* **EXERCISE MATERIALS**
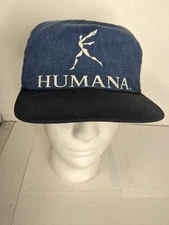 Vintage Humana hat strapback blue with sun visor inside Towsleys Manitowoc WI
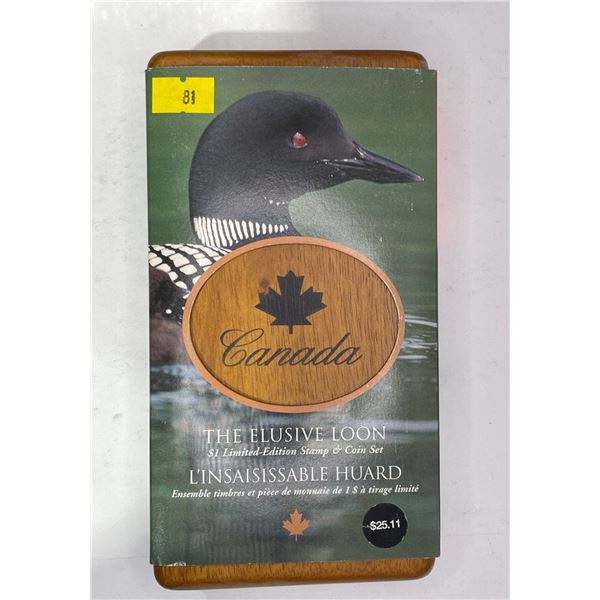 2004 The Elusive Loon $1 Limited Edition Stamp & Coin Set 8g Aureate Bronze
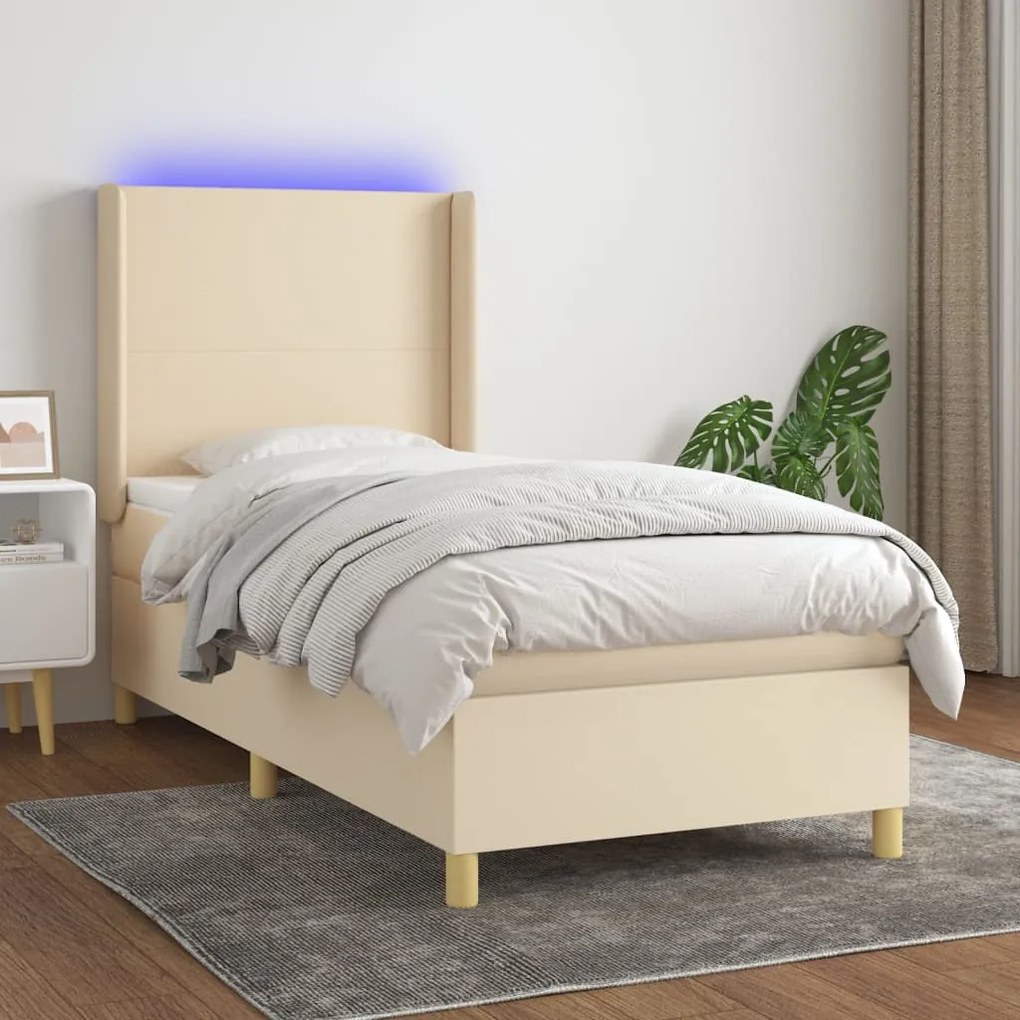 Κρεβάτι Boxspring με Στρώμα &amp; LED Κρεμ 90x190 εκ. Υφασμάτινο - Κρεμ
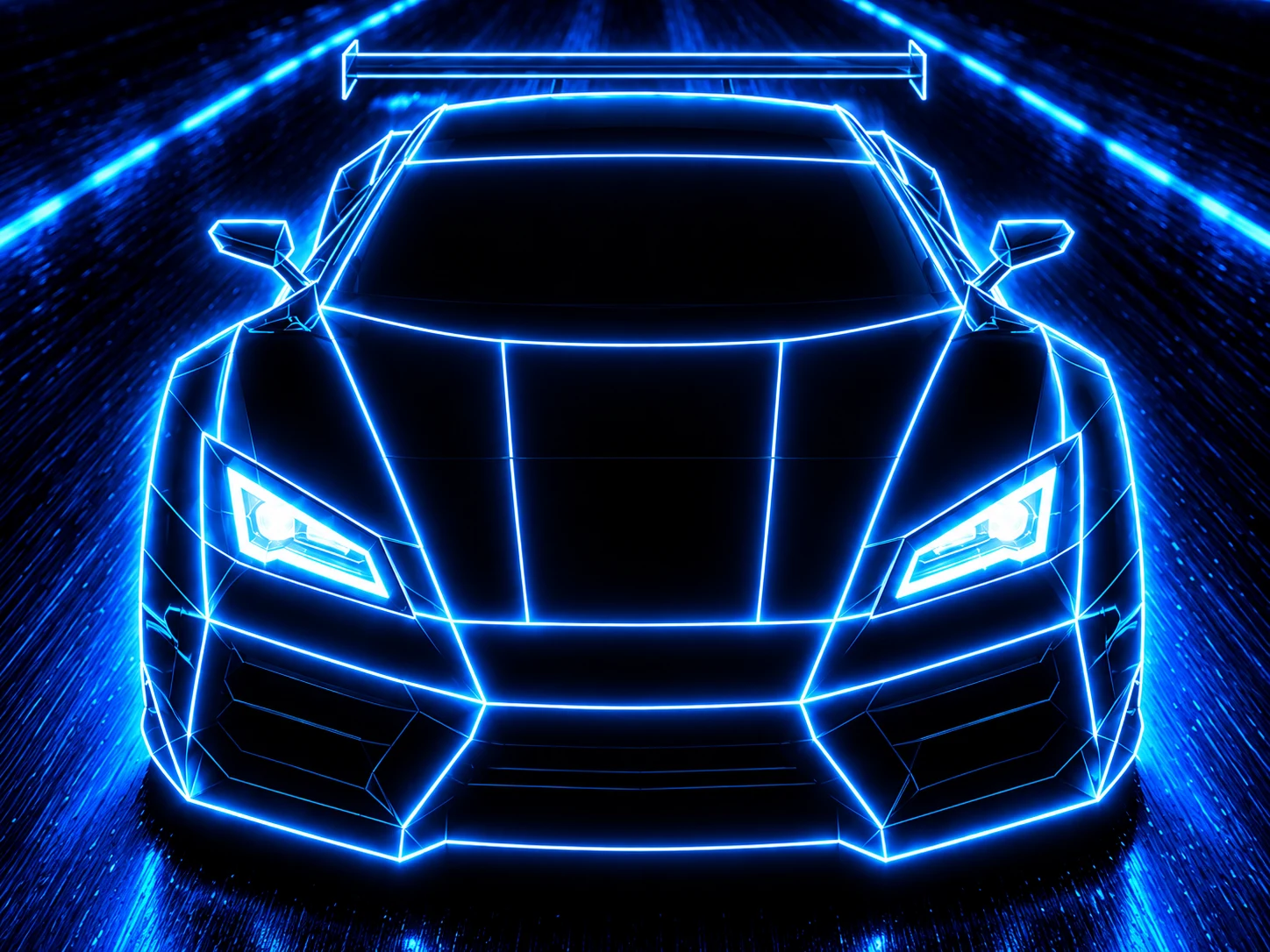 RideCore blue neon racing car promotional artwork
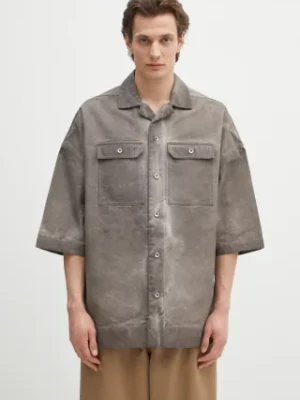 Rick Owens DRKSHDW koszula bawełniana Magnum Tommy męska kolor szary relaxed z kołnierzykiem klasycznym DU01E3290.CVS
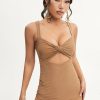 New * Solado Cut Out Twist Front Mini Dress Khaki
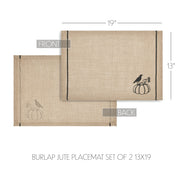 Raven Harvest Farmhouse Rustic Natural Jute Burlap Placemat Set (2) 13x19 Inch Table Mats (4 Piece Buy One, Get One Free Bundle)
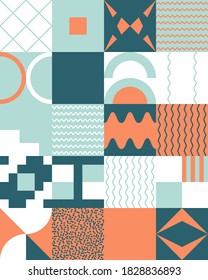 Abstract geometric artwork design with simple shapes and figures. Vertical pattern graphics with geometrical elements. Perfect for web banner, business presentation, branding package, fabric print.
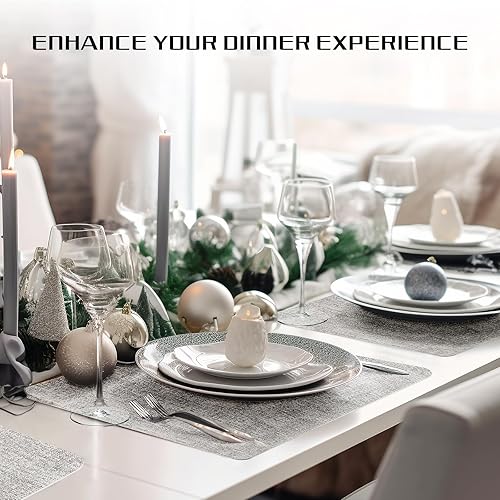 Miniatura 7 de Juego de 4 manteles individuales de 12 x 18 pulgadas, resistentes al calor, para mesa de comedor, 100% impermeables, a prueba de aceite, lavables,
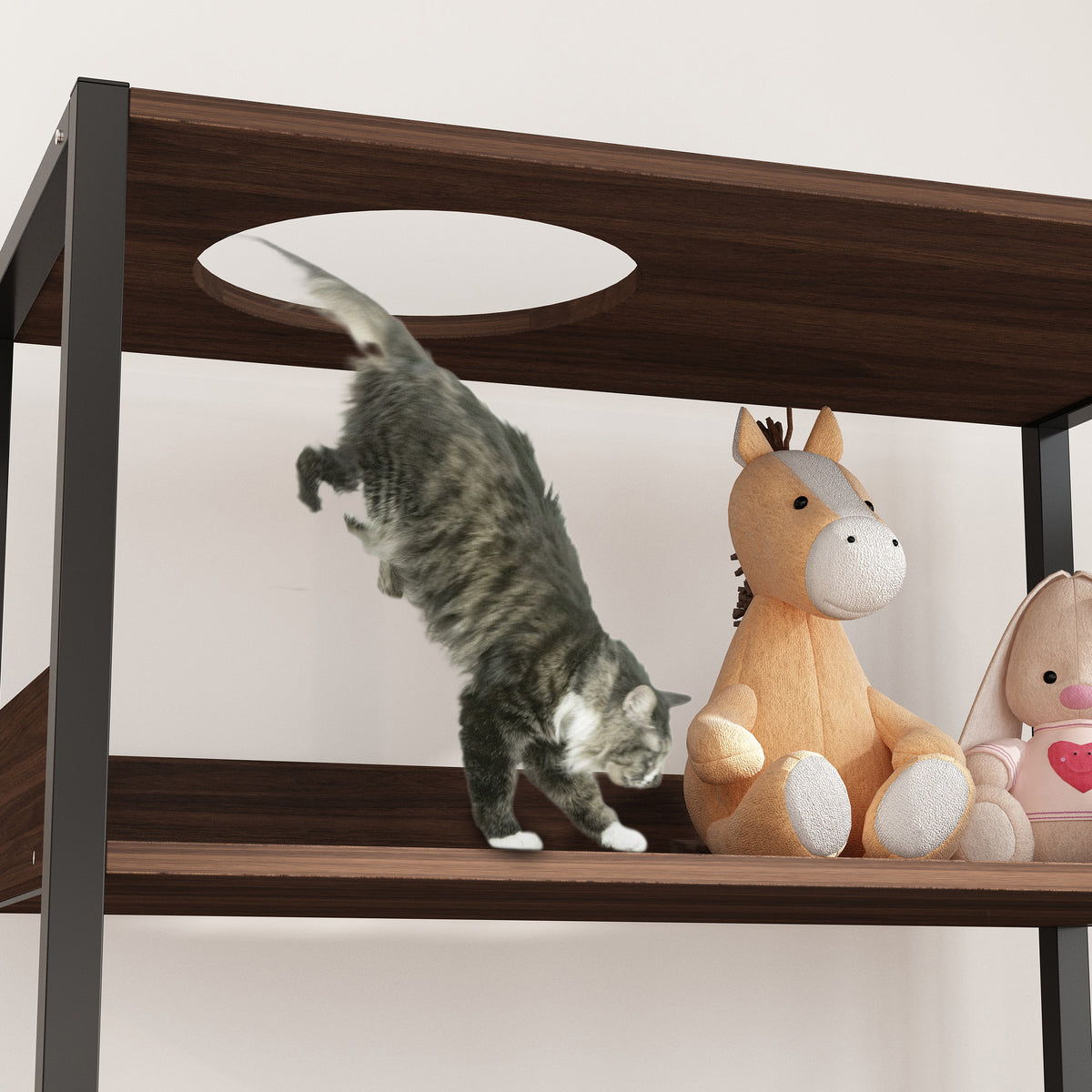 30.8 inches Walnut Wood‑Grain Cat Litter Box Enclosure with Multi‑Level Cat Perch and Storage Shelves
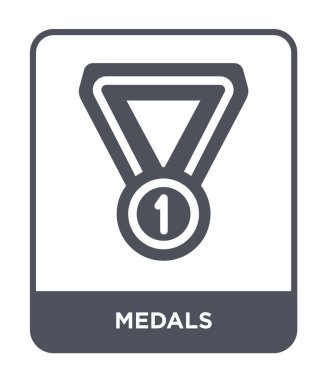 modaya uygun bir tasarım tarzı madalya simgesi. Beyaz arka plan üzerinde izole madalya simgesi. madalya vektör simgesi basit ve modern düz sembolü.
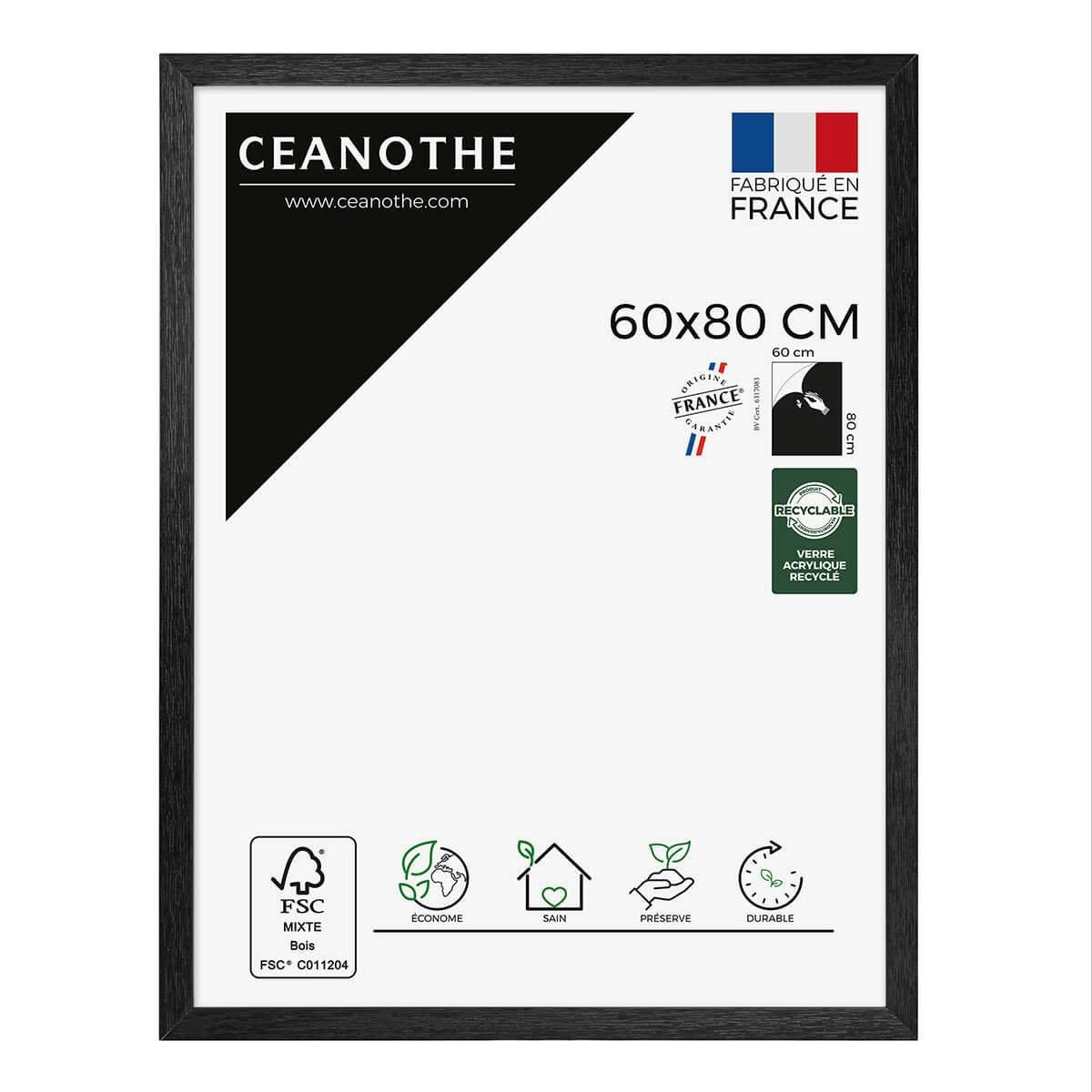 KARMA - Cadre photo noir 60x80 cm bois reconstitué fsc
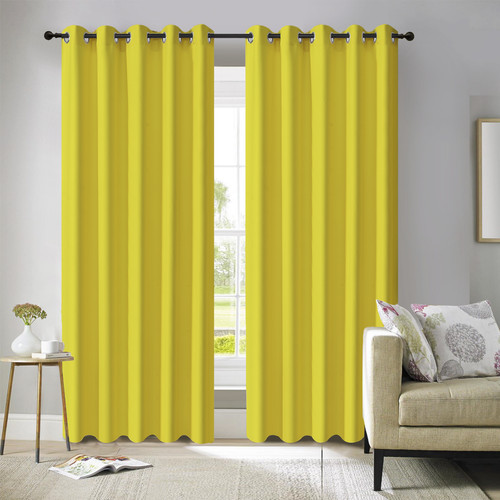 Blackout eyelet curtains black - blackout,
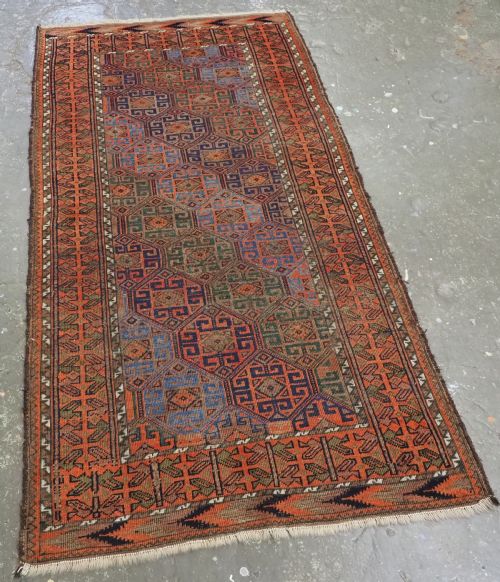 ANTIQUE BAHLULI BALUCH OR TIMURI RUG WESTERN AFGHANISTAN COLOURFUL SMALL RUG CIRCA 1880 - ADDITIONAL PHOTO 1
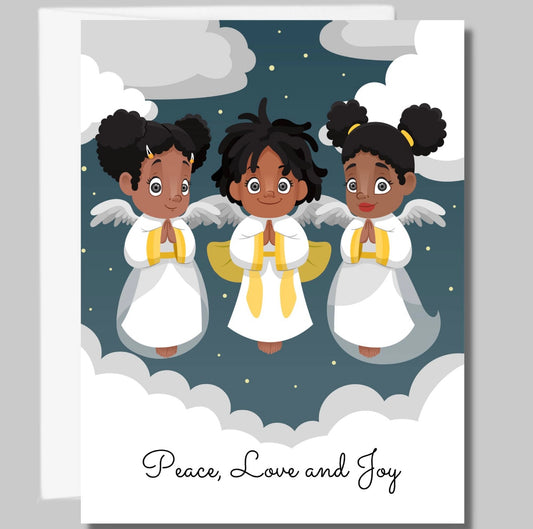 African American Cherubs Holiday Christmas Card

* **WHAT YOU NEED TO DO**
For this task, return exactly the stretch of the listing above from the line with "Κρεβάτι Boxspring με" through the line with "Rick Owens DRKSHDW", inclusive and without pictures.

* **FINISHED TASK**
 Κρεβάτι Boxspring με Στρώμα &amp; LED Κρεμ 90x190 εκ. Υφασμάτινο - Κρεμ
 RideCore blue neon racing car promotional artwork
 Rick Owens DRKSHDW koszula bawełniana Magnum Tommy męska kolor szary relaxed z kołnierzykiem klasycznym DU01E3290.CVS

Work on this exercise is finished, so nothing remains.